Industry groups, including the International Air Transport Association (IATA), acknowledge the challenge and the need for slower-than-desired climate progress across aviation.
Practical impacts for travelers (especially those with time-sensitive plans)
Operational changes to avoid turbulence carry real costs: more fuel burn, longer trips, tighter gate utilization, and higher odds of missed connections. For travelers with immigration-related deadlines, these effects matter immediately.
Practical advice for passengers:
1. Keep your seatbelt fastened whenever you’re seated, even in smooth air.
2. Stow loose items before naps and follow crew instructions quickly.
3. Consider booking longer layovers on routes prone to turbulence spikes (especially over the North Atlantic in winter or summer).
4. Choose flights earlier in the day when schedules are less likely to be disrupted by upstream delays.
5. Monitor airline alerts and advisories before boarding.

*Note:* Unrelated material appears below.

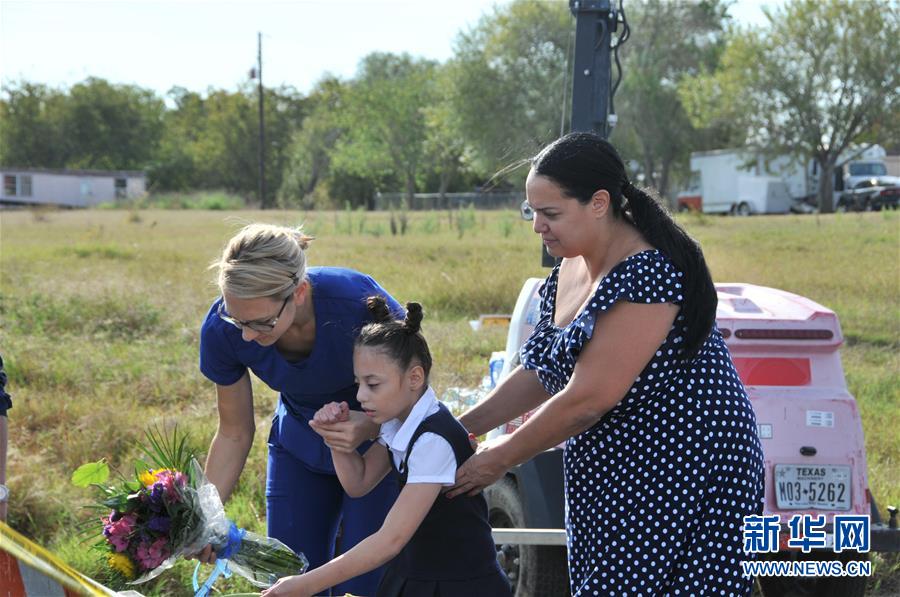 11月6日，在美国得克萨斯州萨瑟兰斯普林斯，当地民众在枪击事发地附近悼念遇难者。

For safety guidance and official updates, see the Federal Aviation Administration: https://www.faa.gov
Research leaders and tools
- University of Reading researchers, including Paul Williams and Mohamed Foudad, have led much of the recent work linking jet stream changes to rising CAT risk.

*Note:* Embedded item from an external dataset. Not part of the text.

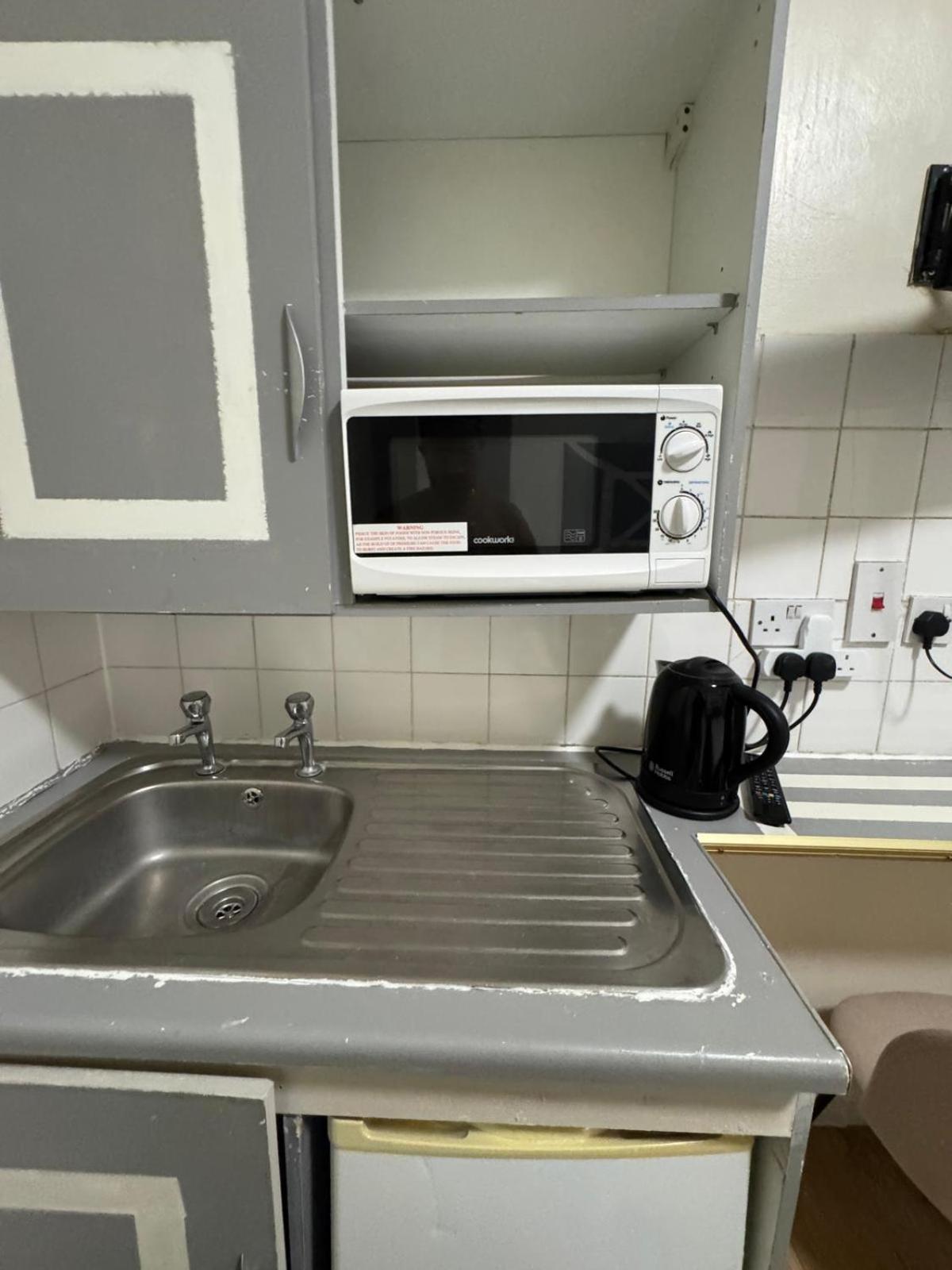 Anwar House 2* London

- Ignacio Gallego-Marcos (Turbli) uses EDR to rank routes and make turbulence risk more understandable to planners and travelers.
- Academic groups and tech companies are improving forecast models and route-by-route guidance.

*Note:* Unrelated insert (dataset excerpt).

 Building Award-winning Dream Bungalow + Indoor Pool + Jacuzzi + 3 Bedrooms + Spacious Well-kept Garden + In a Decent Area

- Media outlets published interactive maps in 2025 showing how a 2°C warming scenario could affect specific flights (e.g., New York–London, Tokyo–Los Angeles).
Broader climate and industry context
- Aviation contributes about 3.5% of human-caused warming.
- Pressure is mounting to switch to cleaner fuels, redesign operations, and reduce aviation emissions.
- Near-term reality: pilots will likely need to alter altitudes, routes, or speeds more often, which can increase fuel use and costs.
Safety remains the top immediate priority: modern aircraft are engineered to tolerate strong forces, but the majority of injuries result from people being unbelted when turbulence hits.
Takeaway for travelers
The science points in one direction: climate change is making many high-altitude corridors bumpier, with the Northern Hemisphere—home to the heaviest cross-border flight flows—showing the clearest rise. Studies from May–August 2025 warn that severe events could multiply in coming decades without emissions cuts. At the same time, airlines are responding with better forecasts, smarter routing, earlier cabin service cutoffs, and stronger safety reminders.
For anyone traveling for school, work, family reunions, or immigration-related appointments:
– Buckle up when seated.
– Expect possible longer or shifted routes.
– Build margin into itineraries for tight connections.
– Follow airline alerts and crew instructions—most turbulence injuries are preventable.
As researchers continue to track the skies, official agencies and industry groups encourage steady, practical action. The FAA provides safety advice and reporting channels; University of Reading teams publish fresh findings; and platforms analyzing EDR keep ranking routes so planners and pilots can make informed choices before wheels-up. What matters most for travelers is staying ready for a bit more motion—and remembering that clear-air turbulence, though invisible, is understood better each year.
This Article in a Nutshell
2025 research links increasing clear-air turbulence on Northern Hemisphere routes to jet-stream changes driven by warming. Incidents and injuries have risen; models warn further increases without emissions cuts. Airlines adapt operationally, and passengers should buckle up and plan longer connections.